Saturday, July 5, 2008

Elaine has a third tooth.

Monday, June 30, 2008

I've read about half of the issue of The Nautilus Engine with my story, "The Necromouser," in it. I think they put it up last night. At least, that's when I found it. Anyway, it's pretty exciting to see how the editors have pulled all these very different but thematically connected stories together. They're all about death and resurrection -- but, each story has its own spin on resurrection. I can't wait to read the rest. Hopefully, Elaine will let me read some more tomorrow.

Speaking of Elaine, she's invented her first pretend game. She takes dog-like stuffed animals (her favorite is a fox) and puts them in Trudy's kennel. She knows that's where dogs go, and she finds it endlessly entertaining to put them there.

Well... Not "endlessly," obviously. If she really found it "endlessly" entertaining, I'd have a little more time to read The Nautilus Engine. Ah well. It's cute anyway, even if it's not quite that time-consumingly useful.

Wednesday, June 25, 2008

It feels very circular for Dr. Who to be my favorite show of late. It's not a show I've watched regularly since before I can remember; however, I'm told it was my favorite show when I was Elaine's age. So, David Tennant will be Elaine's Peter Davison.

I've tried watching some episodes of Dr. Who from way back then. Mostly, my dvr has been picking up Tom Baker episodes, but it recently graduated to Peter Davison. I like Peter Davison better, but I don't think that has to do with a residual fondness from my very early childhood. He simply has a more similar style to David Tennant. Either way -- Tom Baker or Peter Davison -- the 70s/80s Dr. Who's are much slower paced than modern television.
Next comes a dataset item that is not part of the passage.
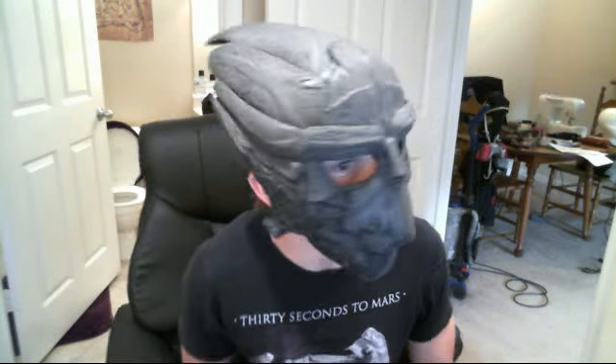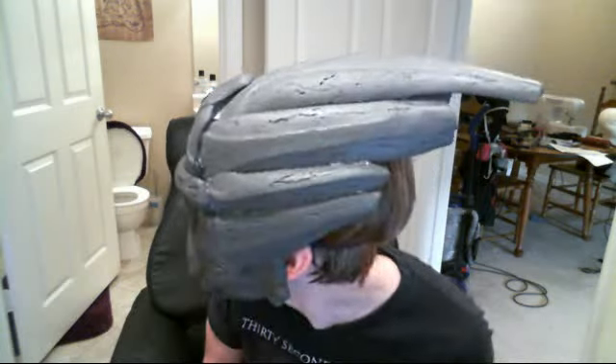Hope you guys like. I'll show you a little bit here. And all in all, it's actually really, really light. It's held onto my head with only a single elastic band.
Combining that with the general low-budget cheesiness makes them a little hard to watch. I generally leave them playing in the background while I read. That way I can absorb some of the history of the show without my brain ending up too numbed.

One thing that's surprised me in watching the new Dr. Who's is that the episodes I like the very best are the horror ones. Dr. Who does the whole spectrum of flavors -- fantasy, sci-fi, and horror. And, as I would expect, I like the sci-fi, by and large, better than the fantasy. The basic rule is: the farther into the future it's set, the better. However, if it's all strange and suspenseful -- well, those are the ones I just love.

I hadn't realized before what a taste for the horror genre I have. I started to get a hint of it when I read some Lovecraft last year. He wasn't at all what I expected, and I found his stories strangely addictive in addition to merely strange. I think, before that, I equated "horror" with "slasher," which doesn't interest me. Suspense movies, however... I've always been drawn to those. So, the idea of horror as strange and suspenseful is much more intriguing.

Monday, June 23, 2008

Elaine is learning humor from Daniel looks at lolcat pictures with her -- he laughs at the captions; she loves all the pictures of animals. It's kind of frightening that this is where her sense of humor is being trained.

Apparently, she likes the pictures of kittens best.

Wednesday, June 18, 2008

New Brian Wilson album! September 2nd! (It's only been, oh, four years. 'Cause, while I love SMiLE and the X-mas album -- I can't help it -- they really don't count.)
The black birds at Mathews Beach search unwatched strollers for accessible eatables. The squirrels chase each other in circles around the trunks of trees. Loud clattering.

No camellia bushes or rhododendrons in attendance though. I think the squirrels scare them away.

Monday, June 16, 2008

Every weekend should be like this last weekend. On Friday, we went to a graduation party for one of my cousins in Olympia featuring tacos, banana splits, and a bunch of family I don't see all that often. Saturday, we went to a birthday party for one of Elaine's little cohorts. They're all turning a year old around now, and it's fun to watch them play together. Then, yesterday was Daniel's first Father's Day with Elaine. I made him banana bread and served him tea in his new Father's Day mug for breakfast. For lunch, we picnicked in the backyard (which thrilled Trudy) while scheming about what we'll do for Daniel's graduation party next year. Then, we had dinner at the Outback Steakhouse. Elaine allowed us to get through the meal, but only because I broke out the fruit loops. Those things are magical. I try not to overuse them, because I don't want their magic to wear out.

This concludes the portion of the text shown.